The llama.cpp b9864 release introduces a change to the server's Server-Sent Events (SSE) handling, allowing the ping interval to be configured on a per-request basis. This update ensures that slow prefill operations do not drop healthy connections by pinging silent streams every 1 second and kicking them only after 3 seconds.
- The global default for sse_ping_interval returns to 30, maintaining API client behavior while the WebUI sends sse_ping_interval: 1 in the request body.
- The field is now a typed field_num with hard limits (-1, INT32_MAX) bound to task_params, providing free type and range validation.
- macOS builds include Apple Silicon (arm64), Intel (x64), and iOS XCFramework, with KleidiAI disabled.
- Linux binaries are available for Ubuntu x64 and arm64 (CPU, Vulkan, ROCm 7.2, OpenVINO, SYCL FP32/FP16).

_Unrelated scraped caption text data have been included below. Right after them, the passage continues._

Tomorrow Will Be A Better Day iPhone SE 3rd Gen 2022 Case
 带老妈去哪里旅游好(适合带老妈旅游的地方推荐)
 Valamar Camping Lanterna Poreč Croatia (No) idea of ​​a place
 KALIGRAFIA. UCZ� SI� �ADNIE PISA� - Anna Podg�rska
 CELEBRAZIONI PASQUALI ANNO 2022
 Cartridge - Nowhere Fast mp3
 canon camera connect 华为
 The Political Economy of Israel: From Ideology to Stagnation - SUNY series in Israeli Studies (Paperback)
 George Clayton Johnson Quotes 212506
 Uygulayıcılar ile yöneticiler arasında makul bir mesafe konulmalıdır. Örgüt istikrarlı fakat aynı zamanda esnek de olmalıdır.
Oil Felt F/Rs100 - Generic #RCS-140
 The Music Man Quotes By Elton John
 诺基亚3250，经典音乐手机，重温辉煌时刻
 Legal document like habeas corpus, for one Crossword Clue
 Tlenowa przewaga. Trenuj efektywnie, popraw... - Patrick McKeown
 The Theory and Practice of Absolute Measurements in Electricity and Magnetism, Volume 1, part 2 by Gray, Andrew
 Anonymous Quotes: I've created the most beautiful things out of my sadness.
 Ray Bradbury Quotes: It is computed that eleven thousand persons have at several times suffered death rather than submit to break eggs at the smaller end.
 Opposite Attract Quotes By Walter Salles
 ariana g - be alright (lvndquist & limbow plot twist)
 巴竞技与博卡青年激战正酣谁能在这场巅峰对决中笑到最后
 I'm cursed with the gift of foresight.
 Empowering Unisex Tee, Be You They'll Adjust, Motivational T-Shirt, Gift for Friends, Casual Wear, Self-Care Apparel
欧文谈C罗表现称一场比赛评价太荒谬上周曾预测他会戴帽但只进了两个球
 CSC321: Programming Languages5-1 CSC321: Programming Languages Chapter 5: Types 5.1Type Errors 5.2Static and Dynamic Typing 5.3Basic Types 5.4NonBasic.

- Windows supports CPU, OpenCL Adreno, CUDA 12/13, Vulkan, OpenVINO, SYCL, and HIP.
- Android arm64 (CPU) and openEuler x86/aarch64 (ACL Graph) builds are also provided.
This update helps users by preventing connection drops during slow prefill phases while allowing the WebUI to declare its specific visibility-kick cadence needs.